- **Records shown**
=== Section Start ===

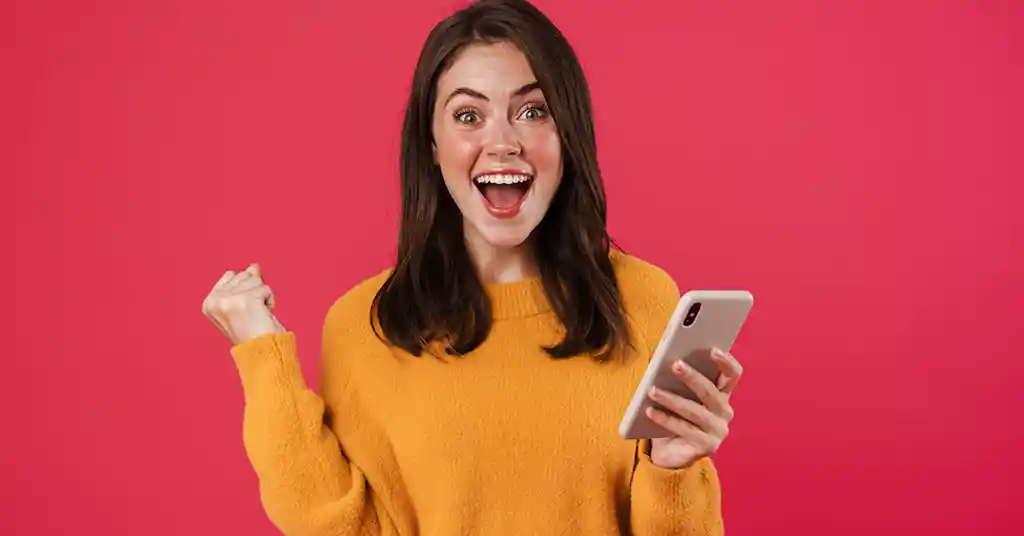 Manfaat Menggunakan KOD USSD Halo Telco Manfaat Menggunakan KOD USSD Halo Telco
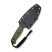 Ніж Sencut Toxodon S24036-2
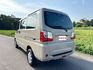 原廠保養+自排車型+盲點偵測+電動摺疊後視鏡+雙前座安全氣囊 五人座 省油省稅 車室超大空間 車宿露營or商務創業首選  第4張縮圖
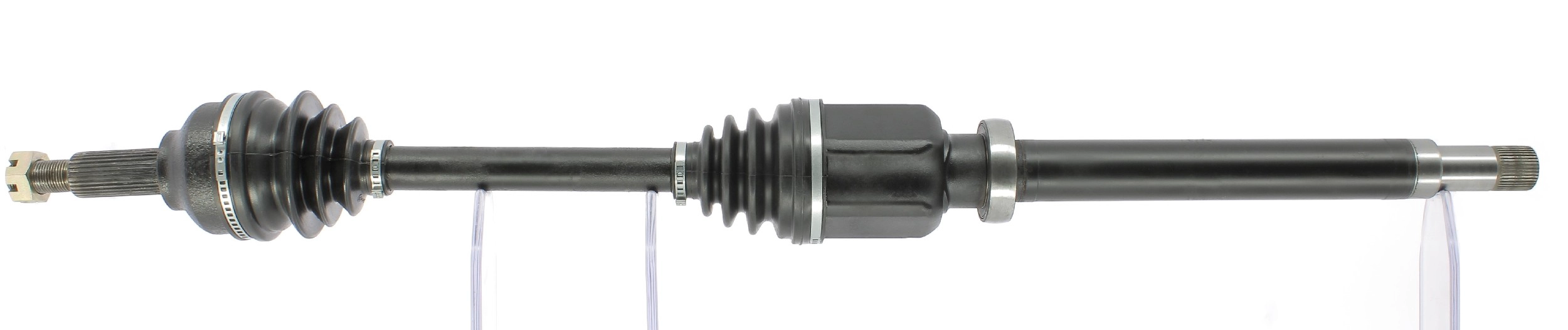 Drive Shaft (FDS2705)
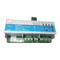 Controladores Lutron QSE-CI-4M-D Manual De Usario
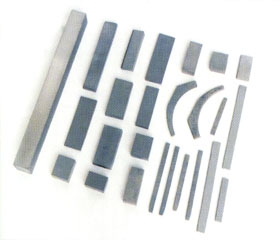 ľ�����ߵ�Ԕ��(x��)��B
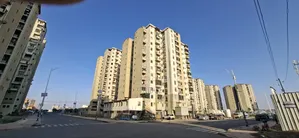 2bdrm Condo in ቦሌ በሻሌ 40/60 ኮንዶሚኒየም, Bole for sale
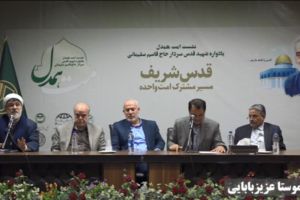 ماموستا عزیز بابایی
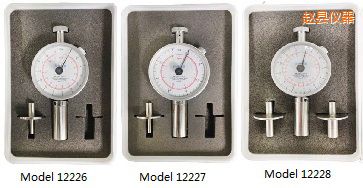 趙縣果實(shí)硬度計(jì)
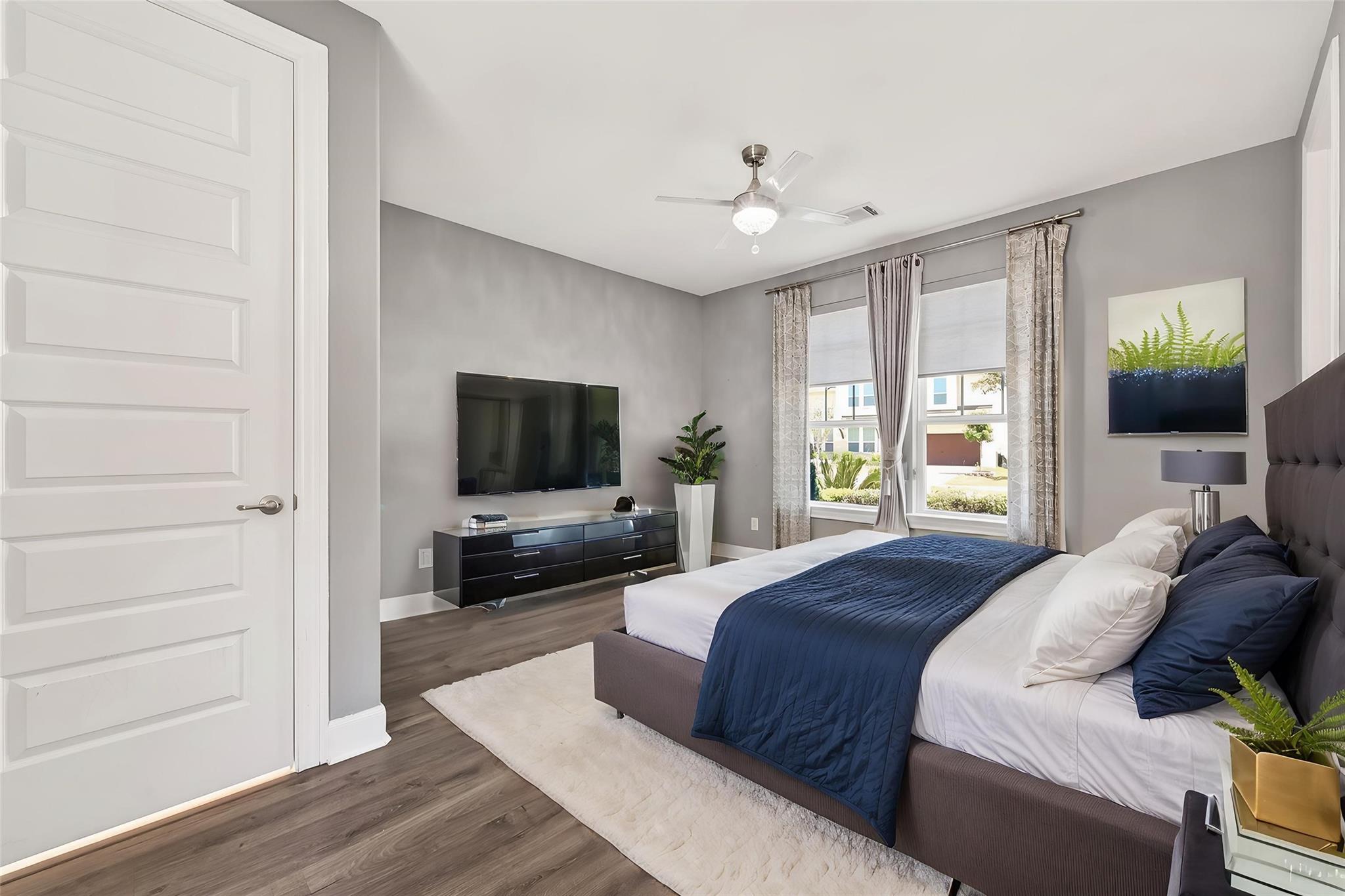 51 Scepter Ridge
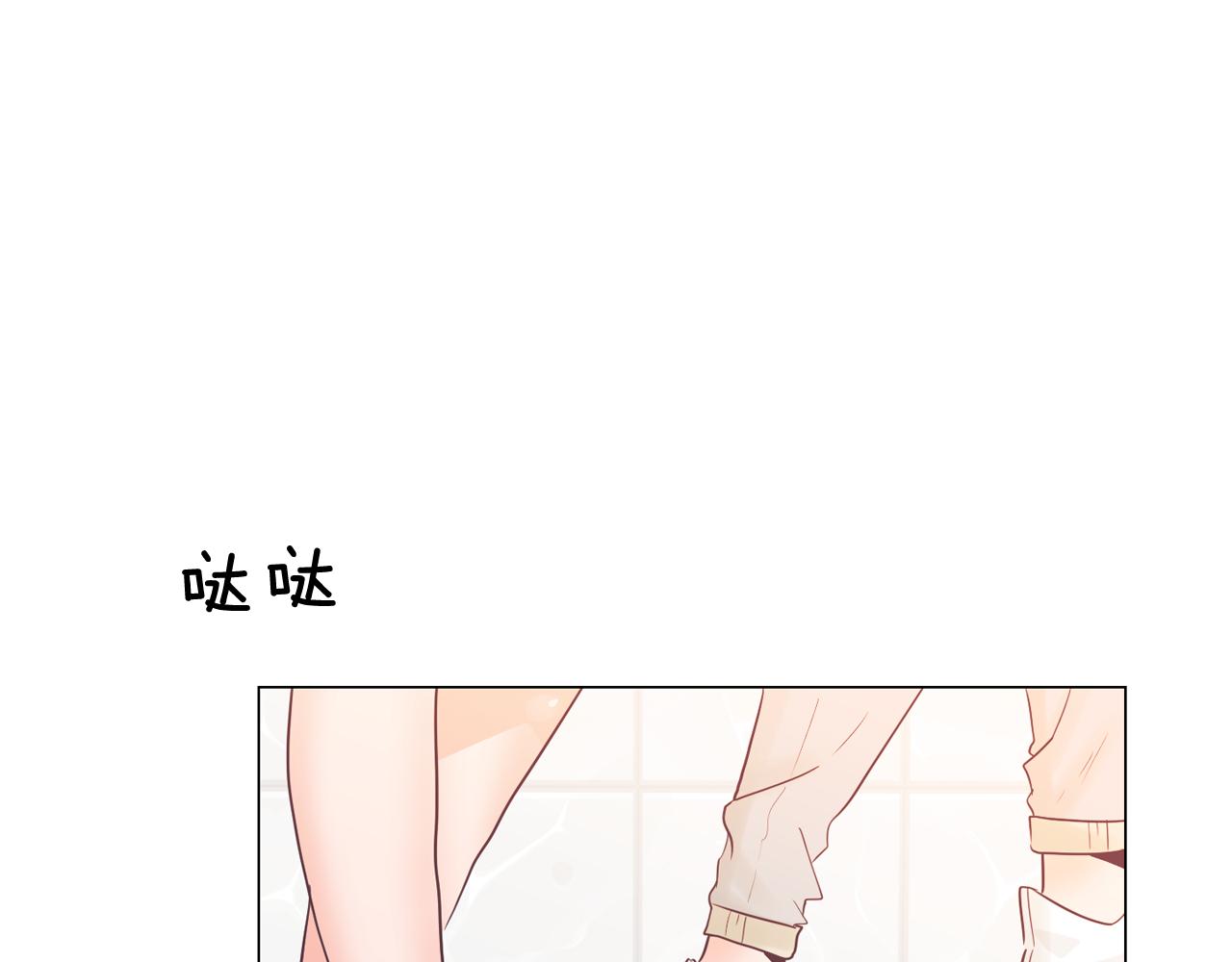第31话 群众演员9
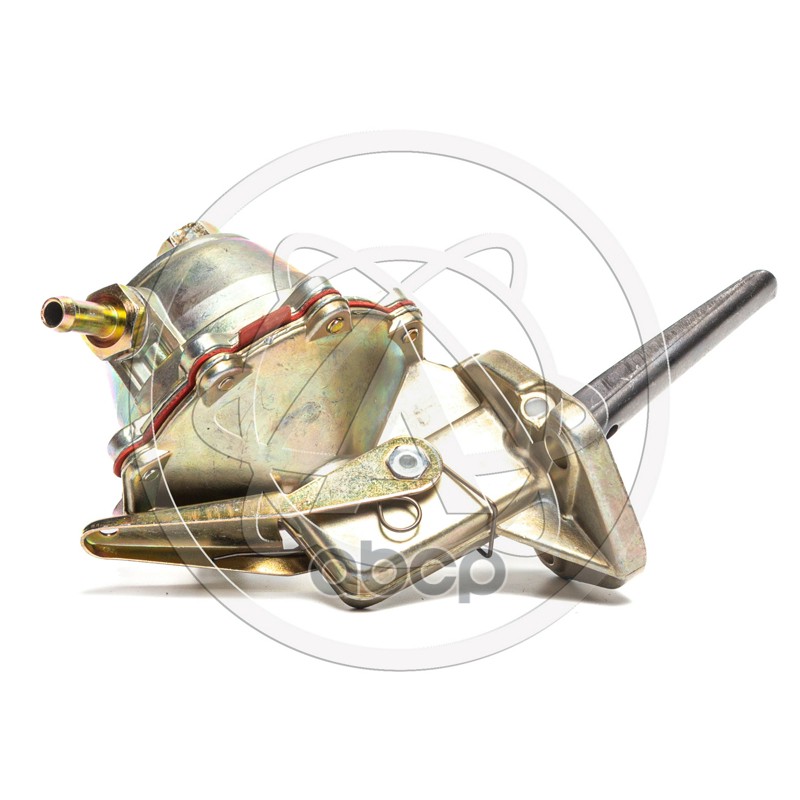 Насос топливный двс 402 Avtoelectrica 24-1106010 03.0840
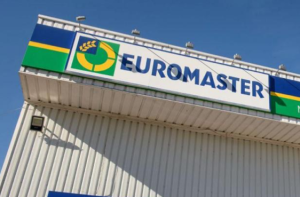 Euromaster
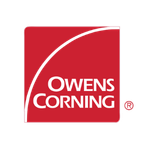 150x150 owens corning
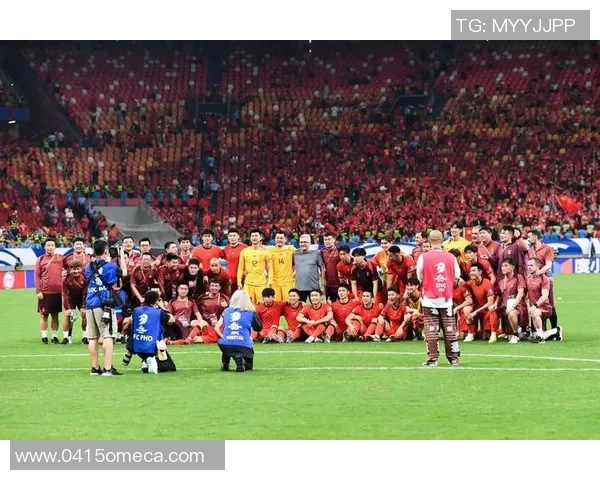 冈山与山形的对决结果揭晓究竟哪支球队赢得胜利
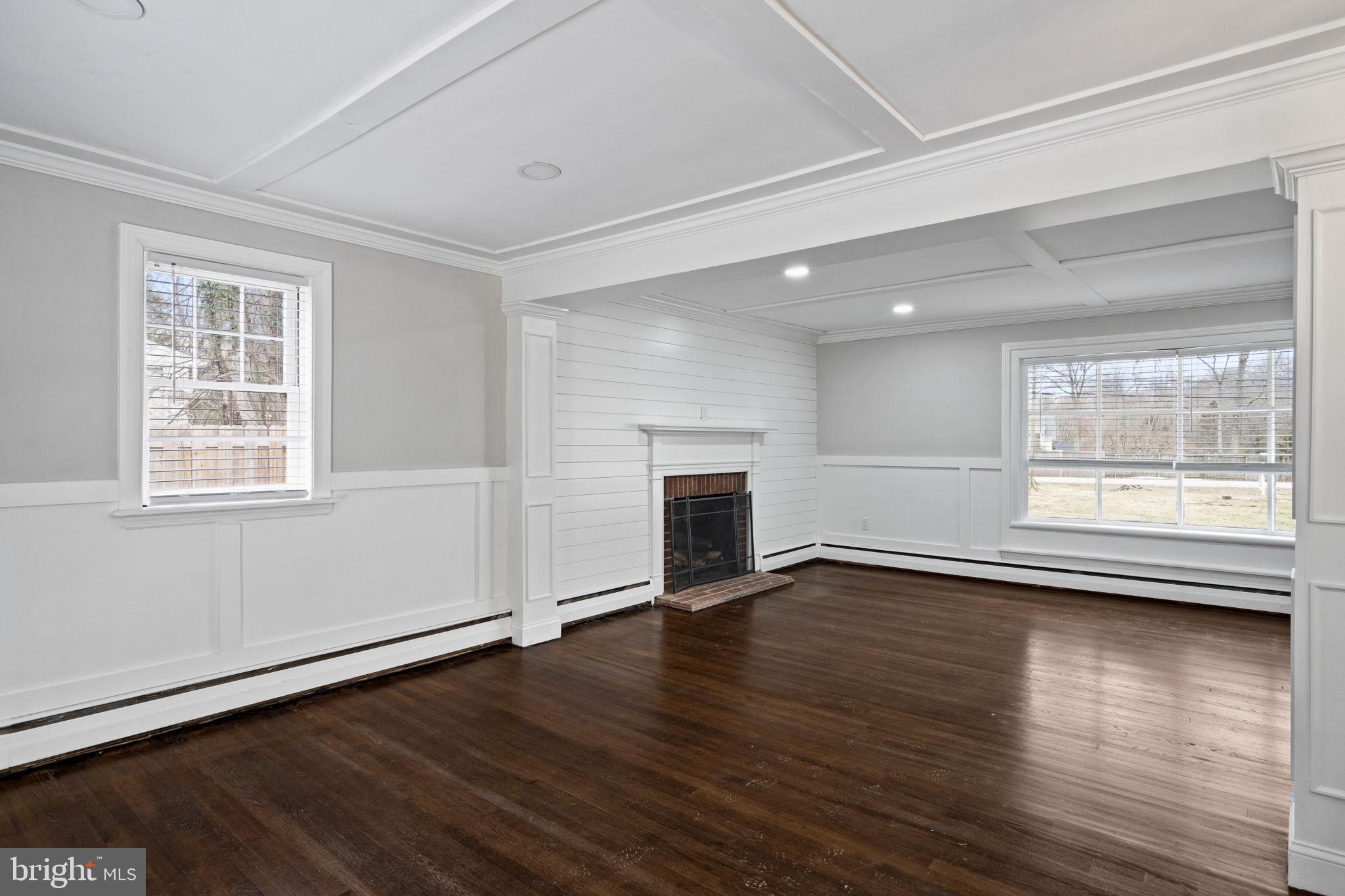 383 UPPER GULPH ROAD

=== Section End ===

- **Your objective**
Leave every picture out and retype exactly the lines of the records above from the one holding "Controladores Lutron QSE-CI-4M-D" through the last, both ends included and nothing besides.

- **Exercise output**
 Controladores Lutron QSE-CI-4M-D Manual De Usario
 ľ�����ߵ�Ԕ��(x��)��B
 2bdrm Condo in ቦሌ በሻሌ 40/60 ኮንዶሚኒየም, Bole for sale
 ماموستا عزیز بابایی
 趙縣果實(shí)硬度計(jì)
 51 Scepter Ridge
第31话 群众演员9
 Насос топливный двс 402 Avtoelectrica 24-1106010 03.0840
 Euromaster
 150x150 owens corning
 冈山与山形的对决结果揭晓究竟哪支球队赢得胜利
 383 UPPER GULPH ROAD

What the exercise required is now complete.